=== Description of the task ===
I need the lines from the one containing "Sand Dunes along" through the last line of the entries retyped exactly, with no pictures among them.

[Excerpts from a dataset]
-------
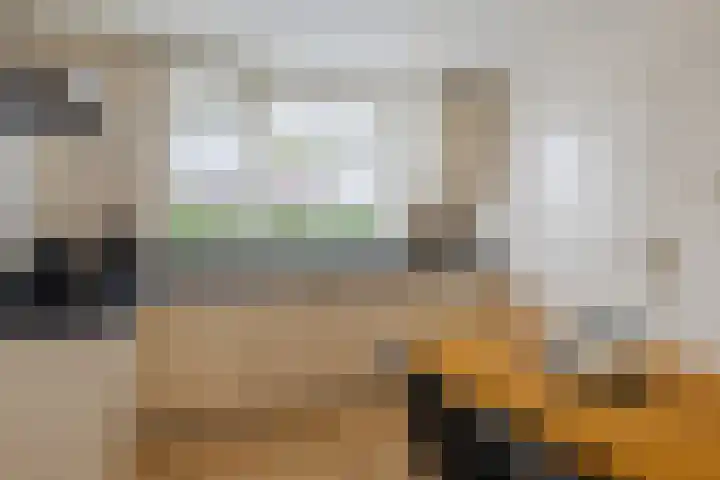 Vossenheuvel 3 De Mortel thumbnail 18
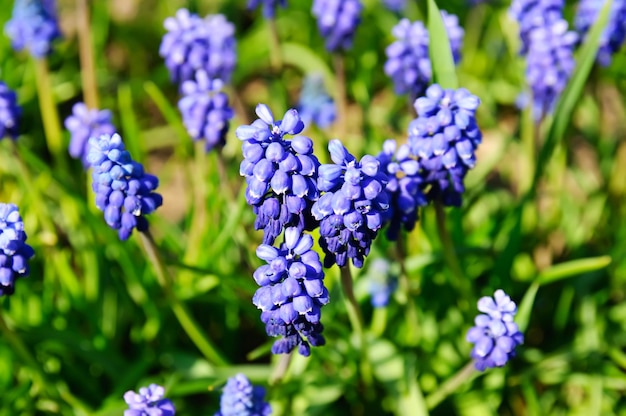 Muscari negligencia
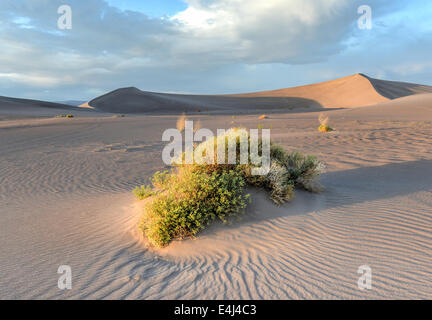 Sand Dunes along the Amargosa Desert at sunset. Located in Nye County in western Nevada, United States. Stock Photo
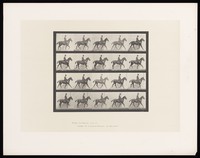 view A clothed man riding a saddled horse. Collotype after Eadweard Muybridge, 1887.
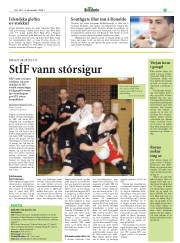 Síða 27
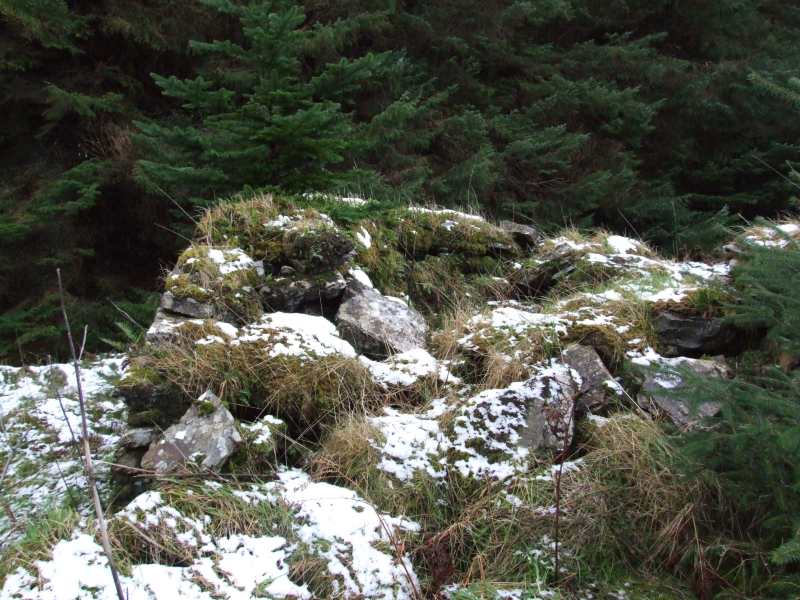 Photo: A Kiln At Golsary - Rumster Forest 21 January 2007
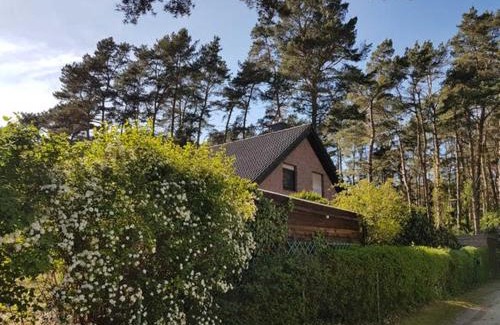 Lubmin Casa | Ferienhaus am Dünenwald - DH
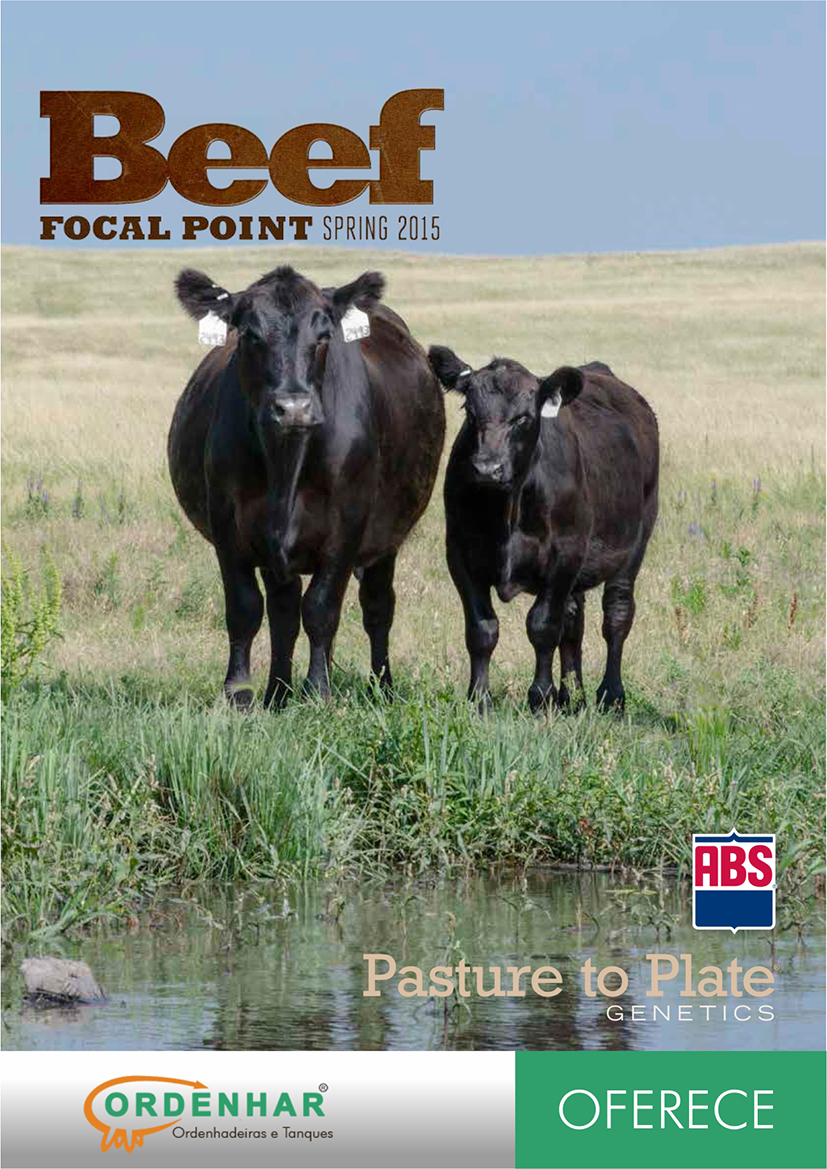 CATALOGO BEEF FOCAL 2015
-------
=== Answer to this problem ===
 Sand Dunes along the Amargosa Desert at sunset. Located in Nye County in western Nevada, United States. Stock Photo
 view A clothed man riding a saddled horse. Collotype after Eadweard Muybridge, 1887.
 Síða 27
 Photo: A Kiln At Golsary - Rumster Forest 21 January 2007
 Lubmin Casa | Ferienhaus am Dünenwald - DH
 CATALOGO BEEF FOCAL 2015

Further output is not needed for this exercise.